Commençons par l’utilité et la futilité des débats. Nous avons assisté à un débat plus tôt. Je l’ai trouvé amusant, mais son intérêt n’est pas de savoir qui a gagné ou qui a raison et qui a tort. Ce qui est intéressant, c’est la convergence. C’est ce que nous pouvons tirer des deux côtés du débat et qui peut nous aider à optimiser, dans notre cas, l’innovation. Ça me fait penser à la conférence de l’ACFC et de l’OCDE à Toronto, en 2011, il y a maintenant sept ans. Je faisais partie d’un groupe d’experts qui ne devaient pas avoir de débat, mais il y a eu un débat quand même. La question était : est-il mieux d’éduquer les gens ou d’inciter les gens? Évidemment, la réponse n’était ni l’un ni l’autre. Il faut comprendre comment tenir compte des deux côtés, mais malheureusement, même aujourd’hui, des gens sont encore en train de débattre à ce sujet. Sur Twitter, on trouve des gens qui disent, par exemple, que « l’éducation fonctionne » ou que « l’éducation est responsabilisante, l’incitation est dégradante ».

Et ceux qui sont du côté de l’économie comportementale disent « l’incitation est clé, l’éducation ne sert à rien ». L’idée n’est pas de décerner des médailles aux gagnants. L’idée est de tirer des leçons de ces deux perspectives pour concevoir des interventions. Il y a de cela quelques années, à la conférence de Moncton, Avni a parlé de « Financial Literacy in a Box ». D’après sa présentation, l’éducation est une excellente méthode. Pouvons-nous utiliser l’architecture du choix pour, d’une façon quelconque, élever la valeur de l’éducation? Je crois que c’est là que nous devons commencer à penser aux débats comme celui-ci. Ce qui est important, ce n’est pas qui a tort ou qui a raison, c’est de combiner de multiples perspectives et de les adapter à nos besoins.

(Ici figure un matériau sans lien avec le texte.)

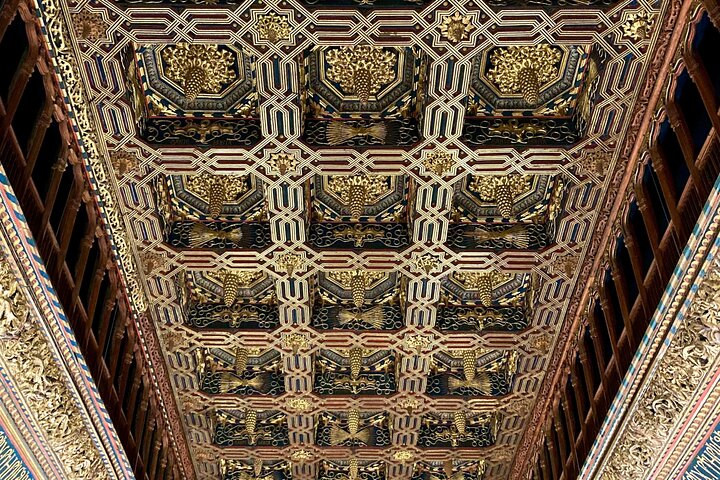 Visita guidata del Palazzo dell'Aljafería in spagnolo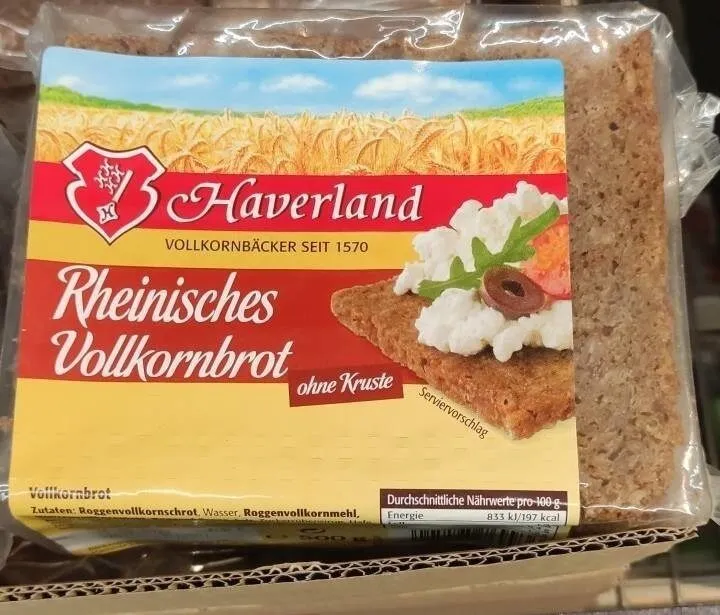 Rheinisches vollkornbrot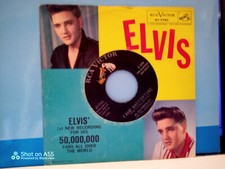 Disco 45 giri - Elvis Presley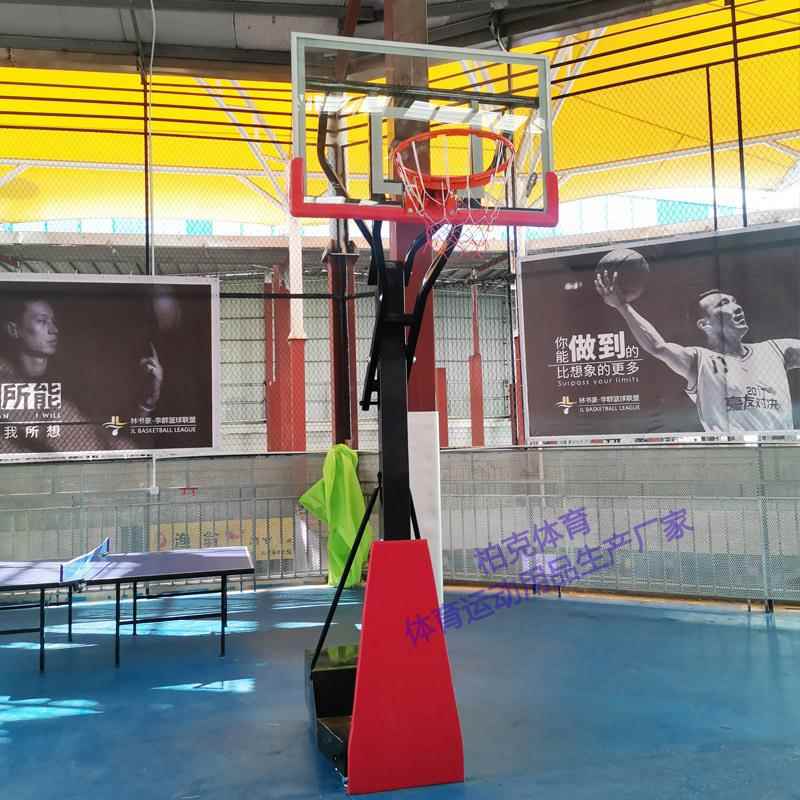 球架款儿童移动手摇升降篮架室内外篮篮球框小bk-3022学生球款篮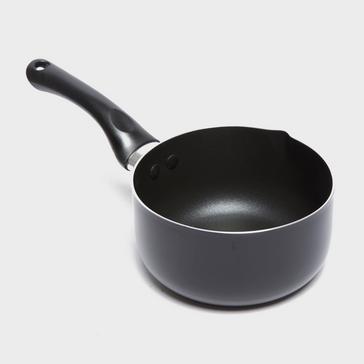 Black HI-GEAR Non-Stick Milk Pan 14x7cm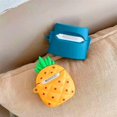 thumbnail image 3 of 3D Cute Cartoon Series Airpod 1/2 Case Skin with Mountaineering Buckle Stylish and Cute Design Airpod Case For Your Airpod Case (Pineapple House), 3 of 4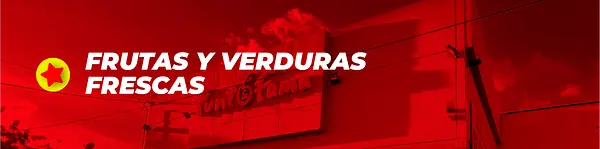FRUTAS Y VERDURAS FRESCAS
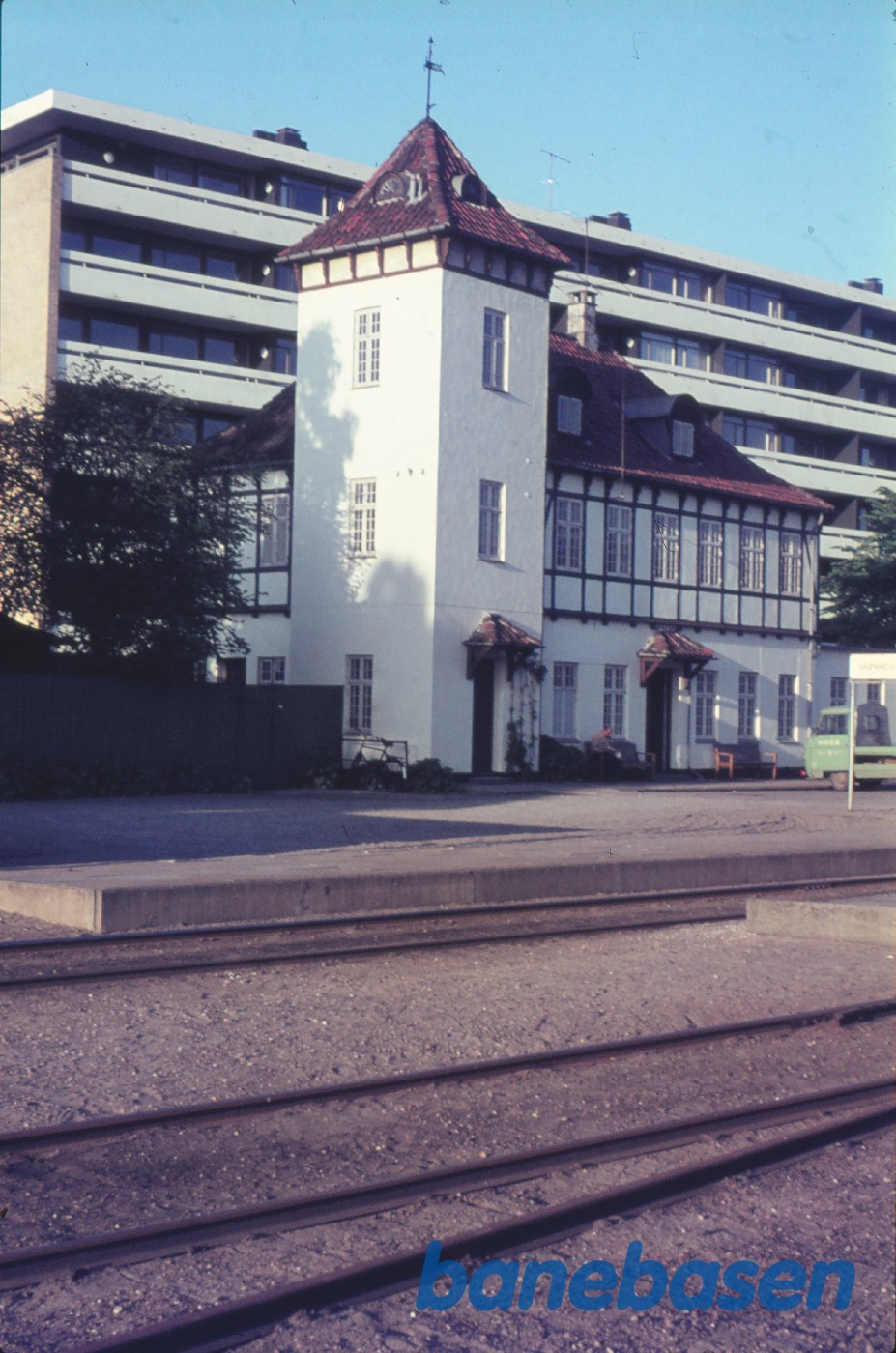 Grønnehave station Grønnehave station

Ma deuxième idée : mettons de côté la soi-disant théorie de l’incitation. En psychologie, il y a ce qu’on appelle les quatre « tions » du comportement humain. Les voici sur la diapositive. La motivation, la cognition, la perception et l’émotion. Ce sont quatre facteurs à garder à l’esprit lorsque nous concevons des interventions d’éducation ou des interventions d’architecture de choix. Nous avons tendance à trop accorder d’importance à la cognition. Et, en conséquence, à donner aux gens trop d’information. S’il y a un problème, nous nous disons que c’est parce que les gens manquent d’information, alors nous leur en donnons encore plus. Donc, ils reçoivent 20 pages d’information et décident de ne rien lire. Nous devons réfléchir à ces autres facteurs. Les gens ne voient peut-être pas le problème comme vous. C’est peut-être un problème lié à la perception ou à l’émotion. Ou bien à la motivation. Peut-être qu’ils ne tiennent pas à résoudre leur problème. Donc, vous pouvez leur donner autant d’information que vous le voulez, ça ne changera pas leur comportement. Il ne faut pas l’oublier.

La troisième idée dont je veux vous parler, c’est que les résultats ne sont pas ce qui compte le plus dans l’approche comportementale. L’une des leçons les plus importantes de l’économie comportementale est la notion de la dépendance au contexte. Les résultats sont influencés par le contexte. Si on change les extrants, on change les résultats. Il peut être tentant d’emprunter, de voler ou d’utiliser une idée qui a fonctionné pour quelqu’un, à un autre endroit ou un autre moment dans l’histoire et de dire « Je vais le faire. » L’équipe d’incitation du Royaume-Uni a fait une étude de comparaison sociale où elle a réussi à faire en sorte que les gens paient leurs impôts à temps. Vous pensez pouvoir faire la même chose, non? Mais vous êtes dans un contexte différent, vous travaillez avec d’autres gens. Vous êtes dans un autre moment dans le temps.

Je crois donc que nous devons nous souvenir qu’il est important de tout tester, de tester chaque intervention. La nature de nos recherches doit changer et la nature de notre façon de consommer la recherche doit changer aussi. Ce n’est pas parce que ça a fonctionné pour quelqu’un que ça fonctionnera pour tout le monde, alors nous devons continuer de tester selon le contexte dans lequel nous sommes.

Enfin – je vais sauter quelques diapositives – je veux parler brièvement de l’éthique. Beaucoup de questions ont été soulevées ici et lors de conversations sur l’information, à savoir : est-il éthique d’inciter, d’orienter les gens vers des décisions qu’ils n’auraient pas prises autrement? Quand j’ai une question complexe, ma meilleure méthode est de donner aux gens des exemples de ce que d’autres personnes ont fait. Donc ici, je vais vous référer à un merveilleux livre écrit par Cass Sunstein intitulé Ethics of Influence. L’auteur parle d’un code de conduite, d’une charte. Les gens qui font partie du milieu universitaire comme moi obtiennent une approbation éthique avant d’entreprendre une recherche. C’est une pratique que je recommande à tous, mais une autre façon de réfléchir à cette question est de se demander : est-ce qu’il serait éthique de ne rien faire? Donc Steve, plus tôt, vous parliez des prêts sur salaire et des prêts à des conditions abusives. Nous discutons des interventions avec le gouvernement pour aider les gens à prendre de meilleures décisions et quelqu’un a demandé « Eh bien, sur quoi repose l’éthique? » Sur quoi repose l’éthique de l’inaction quand des gens paient des intérêts de 47 %? Donc c’est l’autre manière dont nous devons penser à l’éthique.

Je termine sur cette note, parce que je pourrais continuer longtemps. J’aimerais vous remercier et remercier l’ACFC pour cette occasion. Ce fut un énorme plaisir et honneur de vous voir tous réunis ici. Continuez d’alimenter les discussions. Comme promis, nous allons tout mettre dans un site Web : vidéos, transcriptions, présentations PowerPoint et affiches. Accordez-nous quelques semaines pour le faire, mais nous tiendrons notre promesse. Merci beaucoup.